Abstract This paper develops an uncertainty quantified, parametrically homogenized constitutive model (UQ-PHCM) for microstructure-sensitive modeling and simulation at the structural scale. The PHCMs are thermodynamically consistent, macroscopic constitutive models, whose parameters are explicit functions of Representative Aggregated Microstructural Parameters or (RAMPs) that represent statistical distributions of morphological and crystallographic descriptors of the microstructure. The forms of the PHCM equations are chosen to reflect the fundamental deformation characteristics of aggregated response of crystal plasticity finite element model (CPFEM) simulations of microstructural statistically equivalent RVEs. Machine learning tools operate on datasets generated by CPFEM to obtain these functional forms. Significantly reduced number of solution variables in the PHCM simulations, compared to direct numerical simulations of micromechanical models, make them several orders of magnitude more efficient with good accuracy.
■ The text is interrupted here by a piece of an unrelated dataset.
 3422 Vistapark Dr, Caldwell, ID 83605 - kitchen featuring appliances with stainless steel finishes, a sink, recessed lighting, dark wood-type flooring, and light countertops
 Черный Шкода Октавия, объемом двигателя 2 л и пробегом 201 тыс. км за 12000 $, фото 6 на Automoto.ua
The UQ-PHCM framework is built from computational homogenization of CPFE simulations performed on a large set of microstructures and load paths, followed by Bayesian inference from these results to derive probabilistic microstructure-dependent constitutive laws of the macroscopic material response. The framework addresses three sources of uncertainty that accrue at the model development and response prediction stages, viz: (i) model reduction error (MRE), (ii) data sparsity (DS), and (iii) microstructural variability (MSV) of the material. A series expansion-based uncertainty propagation (UP) method, which is much more efficient than Monte Carlo sampling, is developed to propagate uncertainties to the material response variables. The UQ-PHCM framework is validated by comparing the stochastic predictions with a collection of CPFEM-based results and limited experimental data on the\u2009 α -phase Ti alloy, Ti-7Al. Finally the UQ-PHCM is used to simulate an engine blade under operating conditions to test its viability in real applications. Results are discussed from the perspective of extreme values and microstructure-informed predictions of fatigue nucleation.